A contemporary group can consist of one animal. When this happens, the calf ratios to 100, becoming an average calf in a group of one.

Bigger is not always better. Data can be more informative with lots of small contemporary groups put together properly, than large groups with multiple inconsistencies in calf management.

Once heifers calve, they leave their contemporary group. The pair will form a new group with the other dams in the calf’s contemporary group. 

Calves from a two-year-old dam might be placed in a different contemporary group than calves with a more mature dam. Management practices often vary from young to mature females. But if both age groups are managed the same, adjustments in the EPD equation will level the playing field, so calves can be placed in the same contemporary group.

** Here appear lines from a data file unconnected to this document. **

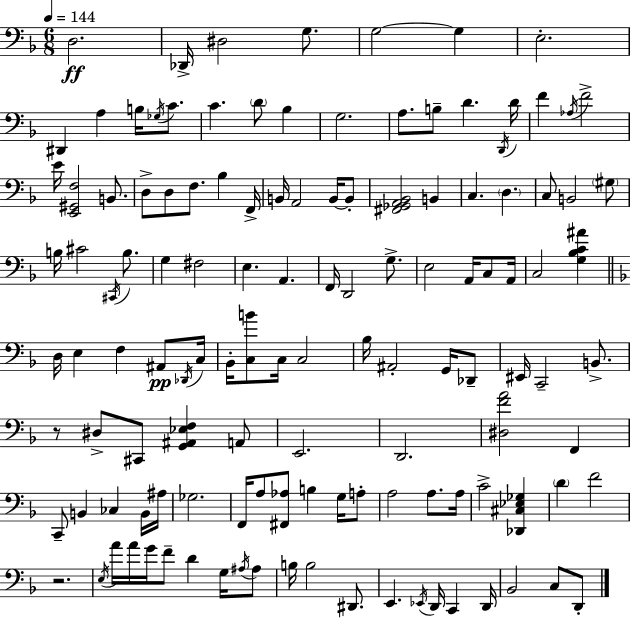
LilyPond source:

{
  \clef bass
  \numericTimeSignature
  \time 6/8
  \key f \major
  \tempo 4 = 144
  \repeat volta 2 { d2.\ff | des,16-> dis2 g8. | g2~~ g4 | e2.-. | \break dis,4 a4 b16 \acciaccatura { ges16 } c'8. | c'4. \parenthesize d'8 bes4 | g2. | a8. b8-- d'4. | \break \acciaccatura { d,16 } d'16 f'4 \acciaccatura { aes16 } f'2-> | e'16 <e, gis, f>2 | b,8. d8-> d8 f8. bes4 | f,16-> b,16 a,2 | \break b,16~~ b,8-. <fis, ges, a, bes,>2 b,4 | c4. \parenthesize d4. | c8 b,2 | \parenthesize gis8 b16 cis'2 | \break \acciaccatura { cis,16 } b8. g4 fis2 | e4. a,4. | f,16 d,2 | g8.-> e2 | \break a,16 c8 a,16 c2 | <g bes c' ais'>4 \bar "||" \break \key f \major d16 e4 f4 ais,8\pp \acciaccatura { des,16 } | c16 bes,16-. <c b'>8 c16 c2 | bes16 ais,2-. g,16 des,8-- | eis,16 c,2-- b,8.-> | \break r8 dis8-> cis,8 <g, ais, ees f>4 a,8 | e,2. | d,2. | <dis f' a'>2 f,4 | \break c,8-- b,4 ces4 b,16 | ais16 ges2. | f,16 a8 <fis, aes>8 b4 g16 a8-. | a2 a8. | \break a16 c'2-> <des, cis ees ges>4 | \parenthesize d'4 f'2 | r2. | \acciaccatura { e16 } a'16 a'16 g'16 f'8-- d'4 g16 | \break \acciaccatura { ais16 } ais8 b16 b2 | dis,8. e,4. \acciaccatura { ees,16 } d,16 c,4 | d,16 bes,2 | c8 d,8-. } \bar "|."
}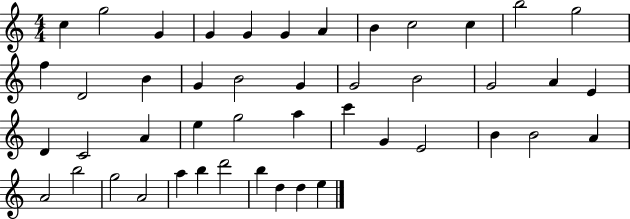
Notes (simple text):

C5/q G5/h G4/q G4/q G4/q G4/q A4/q B4/q C5/h C5/q B5/h G5/h F5/q D4/h B4/q G4/q B4/h G4/q G4/h B4/h G4/h A4/q E4/q D4/q C4/h A4/q E5/q G5/h A5/q C6/q G4/q E4/h B4/q B4/h A4/q A4/h B5/h G5/h A4/h A5/q B5/q D6/h B5/q D5/q D5/q E5/q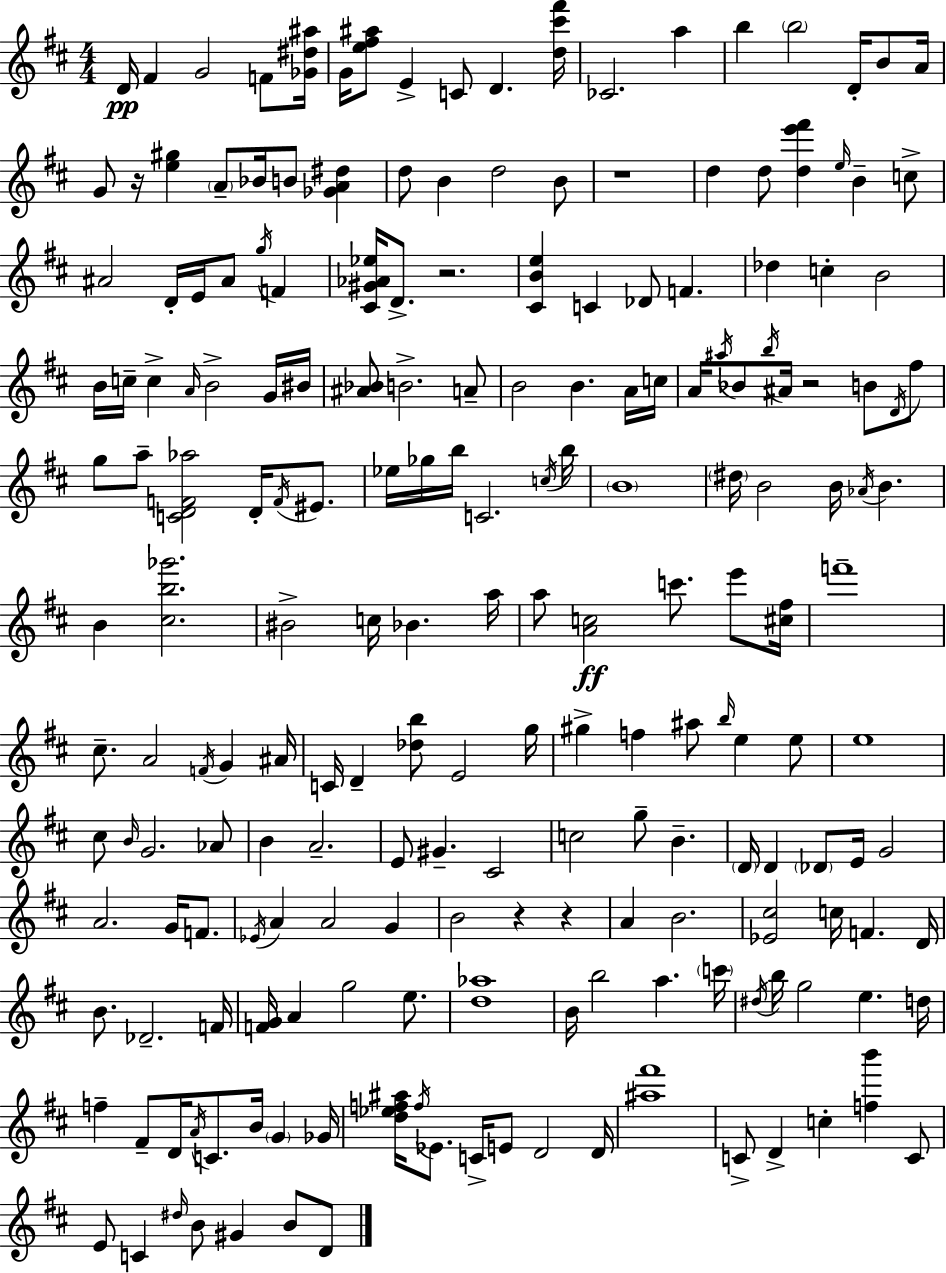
{
  \clef treble
  \numericTimeSignature
  \time 4/4
  \key d \major
  \repeat volta 2 { d'16\pp fis'4 g'2 f'8 <ges' dis'' ais''>16 | g'16 <e'' fis'' ais''>8 e'4-> c'8 d'4. <d'' cis''' fis'''>16 | ces'2. a''4 | b''4 \parenthesize b''2 d'16-. b'8 a'16 | \break g'8 r16 <e'' gis''>4 \parenthesize a'8-- bes'16 b'8 <ges' a' dis''>4 | d''8 b'4 d''2 b'8 | r1 | d''4 d''8 <d'' e''' fis'''>4 \grace { e''16 } b'4-- c''8-> | \break ais'2 d'16-. e'16 ais'8 \acciaccatura { g''16 } f'4 | <cis' gis' aes' ees''>16 d'8.-> r2. | <cis' b' e''>4 c'4 des'8 f'4. | des''4 c''4-. b'2 | \break b'16 c''16-- c''4-> \grace { a'16 } b'2-> | g'16 bis'16 <ais' bes'>8 b'2.-> | a'8-- b'2 b'4. | a'16 c''16 a'16 \acciaccatura { ais''16 } bes'8 \acciaccatura { b''16 } ais'16 r2 | \break b'8 \acciaccatura { d'16 } fis''8 g''8 a''8-- <c' d' f' aes''>2 | d'16-. \acciaccatura { f'16 } eis'8. ees''16 ges''16 b''16 c'2. | \acciaccatura { c''16 } b''16 \parenthesize b'1 | \parenthesize dis''16 b'2 | \break b'16 \acciaccatura { aes'16 } b'4. b'4 <cis'' b'' ges'''>2. | bis'2-> | c''16 bes'4. a''16 a''8 <a' c''>2\ff | c'''8. e'''8 <cis'' fis''>16 f'''1-- | \break cis''8.-- a'2 | \acciaccatura { f'16 } g'4 ais'16 c'16 d'4-- <des'' b''>8 | e'2 g''16 gis''4-> f''4 | ais''8 \grace { b''16 } e''4 e''8 e''1 | \break cis''8 \grace { b'16 } g'2. | aes'8 b'4 | a'2.-- e'8 gis'4.-- | cis'2 c''2 | \break g''8-- b'4.-- \parenthesize d'16 d'4 | \parenthesize des'8 e'16 g'2 a'2. | g'16 f'8. \acciaccatura { ees'16 } a'4 | a'2 g'4 b'2 | \break r4 r4 a'4 | b'2. <ees' cis''>2 | c''16 f'4. d'16 b'8. | des'2.-- f'16 <f' g'>16 a'4 | \break g''2 e''8. <d'' aes''>1 | b'16 b''2 | a''4. \parenthesize c'''16 \acciaccatura { dis''16 } b''16 g''2 | e''4. d''16 f''4-- | \break fis'8-- d'16 \acciaccatura { a'16 } c'8. b'16 \parenthesize g'4 ges'16 <d'' ees'' f'' ais''>16 | \acciaccatura { f''16 } ees'8. c'16-> e'8 d'2 d'16 | <ais'' fis'''>1 | c'8-> d'4-> c''4-. <f'' b'''>4 c'8 | \break e'8 c'4 \grace { dis''16 } b'8 gis'4 b'8 d'8 | } \bar "|."
}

Reasons calves might need to be removed from their birth contemporary group:

  • Nutritional management. If an operation is feeding only one pasture creep feed, that pasture needs to be in its own contemporary group. This also applies to differences in forage quality and any supplementations.
  • Calf health and well-being. Calves that were chronically ill, orphans, endured physical harm such as a broken leg, received excess nutrition by “robbing” or any environmental factor that affected its performance, need to be moved to a comtemporary group of one.
  • Management practices. If one group of calves are preconditioned, castrated, etc., and the other pasture’s calves are not, make separate groups.
  • Special treatment. If a producer pulls cattle away from the original group for special treatment, such as preparing them for a show or sale, they need to be placed in separate groups.